Japan’s ranking for politics was based on the percentage of female Lower House members and Cabinet ministers, as well as the tenure of female leaders, over the past five decades.
Currently, the Lower House has 48 female lawmakers, or 10 percent of all members.
Since no Lower House election has been held since last year to this year, the proportion of female members in the Diet chamber barely changed.
The WEF’s 2022 report noted that as of January 2021 then Prime Minister Yoshihide Suga had only two women in his Cabinet.
The 2023 report showed the current administration of Fumio Kishida also had two female Cabinet members as of January this year.
Political parties say they are working to encourage more women to participate in politics.
Among lawmakers of the ruling Liberal Democratic Party, only 45, or 12 percent, are female: 21 in the Lower House and 24 in the Upper House.
The LDP’s Headquarters for Implementing the Reform of Party announced a basic plan on June 19 to nurture and appoint female lawmakers.
The plan says the LDP will “strengthen its efforts with the goal of raising the proportion of female lawmakers to 30 percent” over the next 10 years.
In the main opposition Constitutional Democratic Party of Japan, 22 percent of Diet members are women: 13 in the Lower House and 17 in the Upper House.
“The world of politics has been male-dominated, making it difficult for women to participate in,” Kenta Izumi, head of the CDP, said on June 21. “We need to change the situation within the party, within the Diet and in local assemblies nationwide.”
The CDP said it will lend 1 million yen ($7,050) to any woman who officially runs on the CDP ticket for the first time in the next Lower House election.
Internal party maneuvers, particularly among factions, have often prevented women from becoming Cabinet ministers and Lower House members.
The prime minister has the power to increase the number of women in Cabinet positions.
In practice, however, prime ministers in the LDP usually first consider the demands of each party faction to maintain stability.
LDP executives have the power to approve the party’s Lower House candidates in the single-seat constituency election system, unlike under the multiple-seat constituency system, in which party factions compete against each other.
The LDP president can approve women and rookies as candidates in single-seat constituencies.
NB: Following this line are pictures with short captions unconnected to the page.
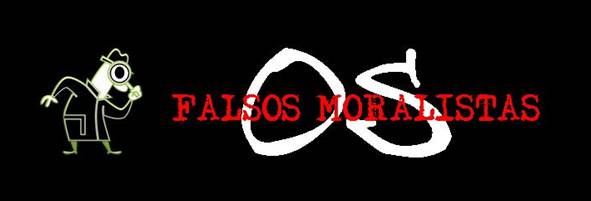 "OS FALSOS MORALISTAS"!!!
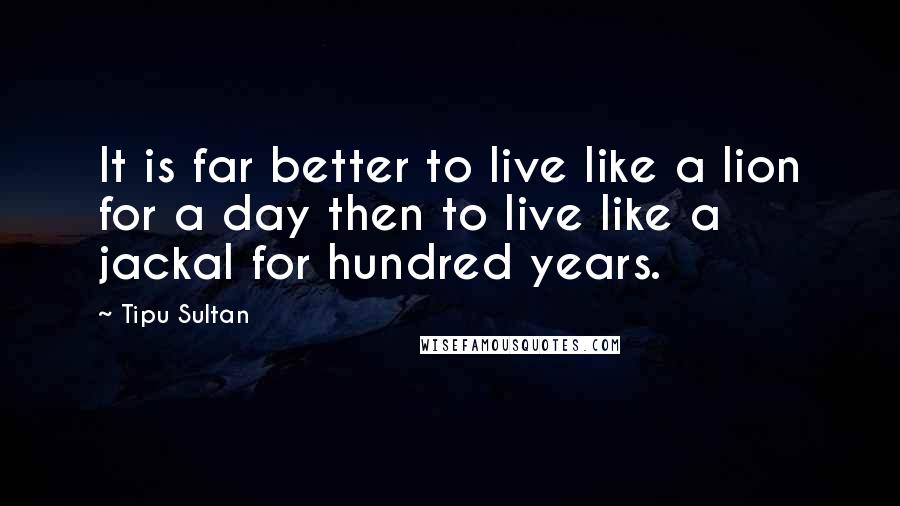 Tipu Sultan Quotes: It is far better to live like a lion for a day then to live like a jackal for hundred years.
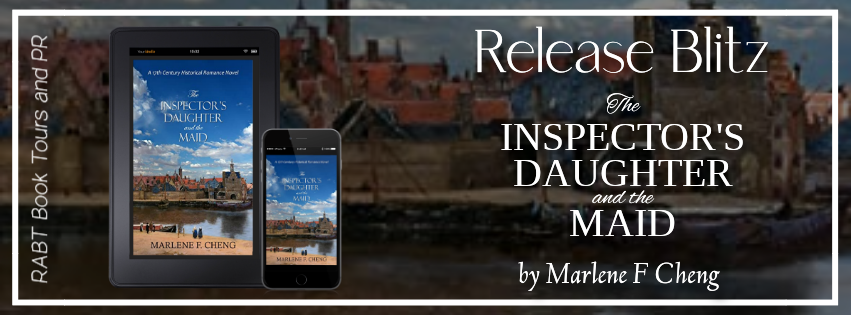 Release Blitz: The Inspector's Daughter and the Maid by Marlene F. Cheng #promo #releaseday #womensfiction #historicalfiction #rabtbooktours @marlenecheng @BookBuzznet @RABTBookTours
But in reality, the majority of candidates are “male incumbents,” and they often receive priority out of consideration for the party’s factions.
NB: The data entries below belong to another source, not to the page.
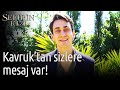 Sefirin Kızı | Kavruk&#39;tan Sizlere Mesaj Var!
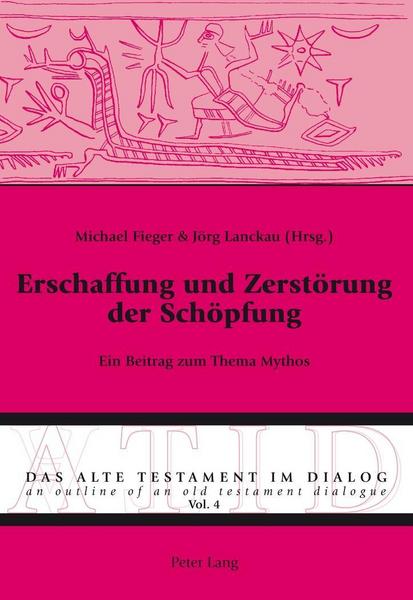 Peter Lang AG, Internationaler Verlag der Wissenschaften Erschaffung und Zerstörung der Schöpfung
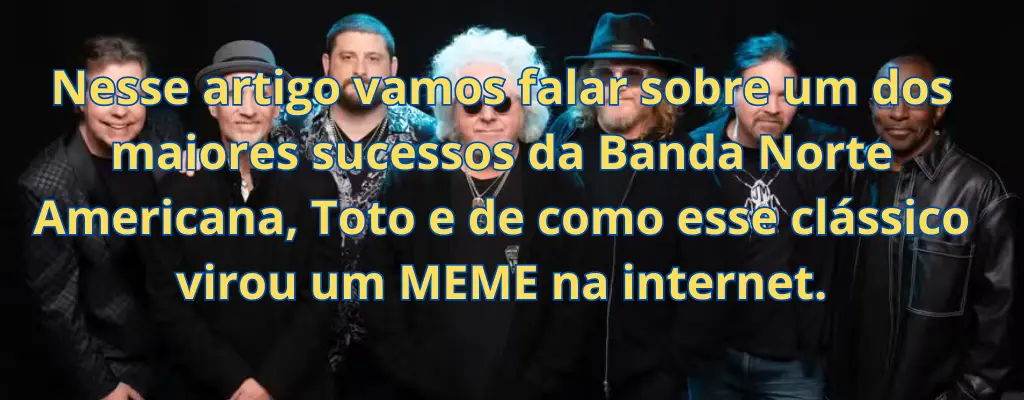 Nesse artigo vamos falar sobre um dos maiores sucessos da Banda Norte Americana, Toto e de como esse clássico virou um MEME na internet.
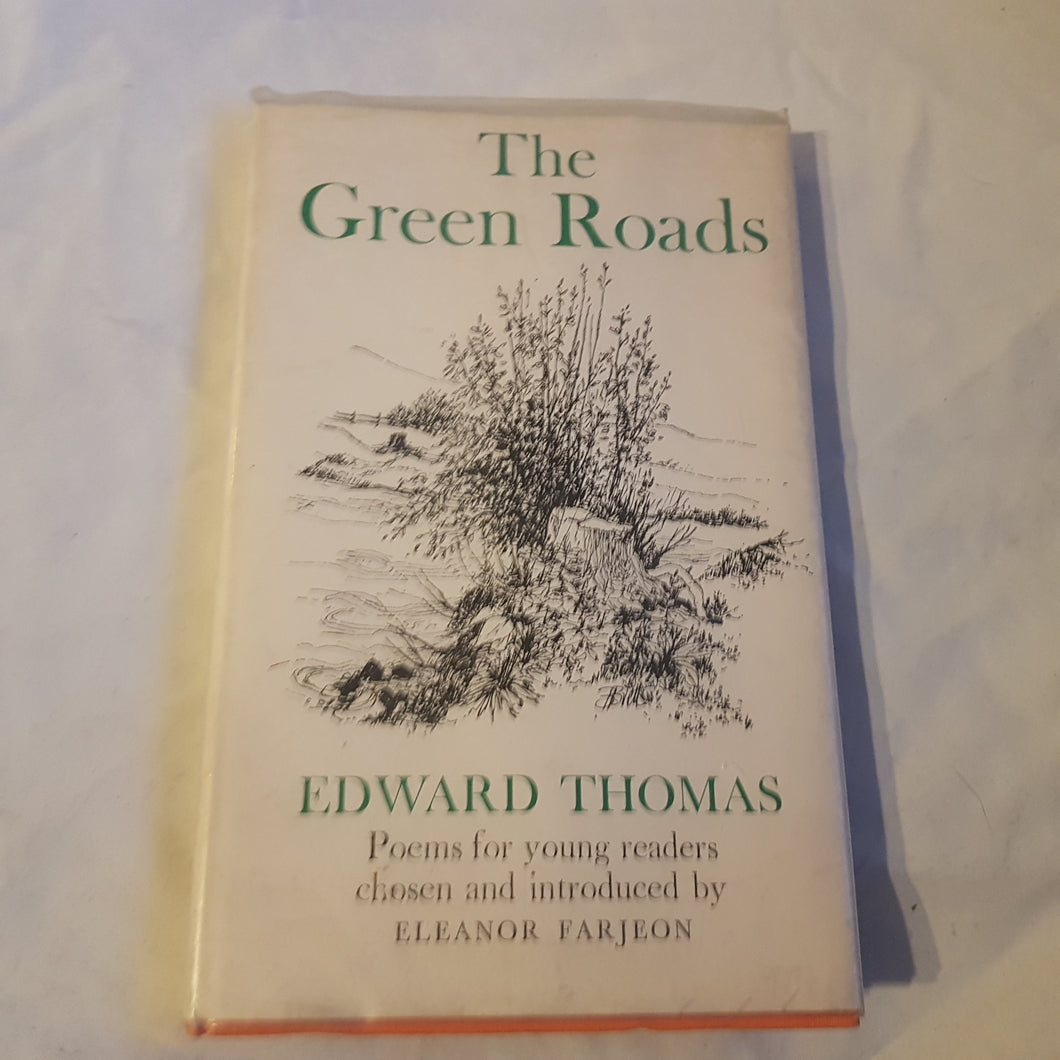 The green roads hardcover Edward Thomas poems for young readers chosen and introduced by Elena Farjeon. 1969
Mari Miura, a professor of politics at Sophia University, said many women do well in local elections, indicating that voters have high expectations of them.
However, in Lower House elections, which use the single-seat constituency system, it is difficult for women to run in these districts because 90 percent of the incumbents are men.
In the current election system, candidates who lose in a single-seat constituency can win in the proportional representation system. This gives men in the male-dominated single-seat system a greater chance to win a Diet seat.
Miura said that if this system is abolished and each political party fields an equal number of female and male candidates in proportional representation, the number of female lawmakers could increase.
She said that changing the political party subsidy system is also an option.
Parties would be more eager to have an equal number of female and male candidates if they receive less funding when the gender gap is wide.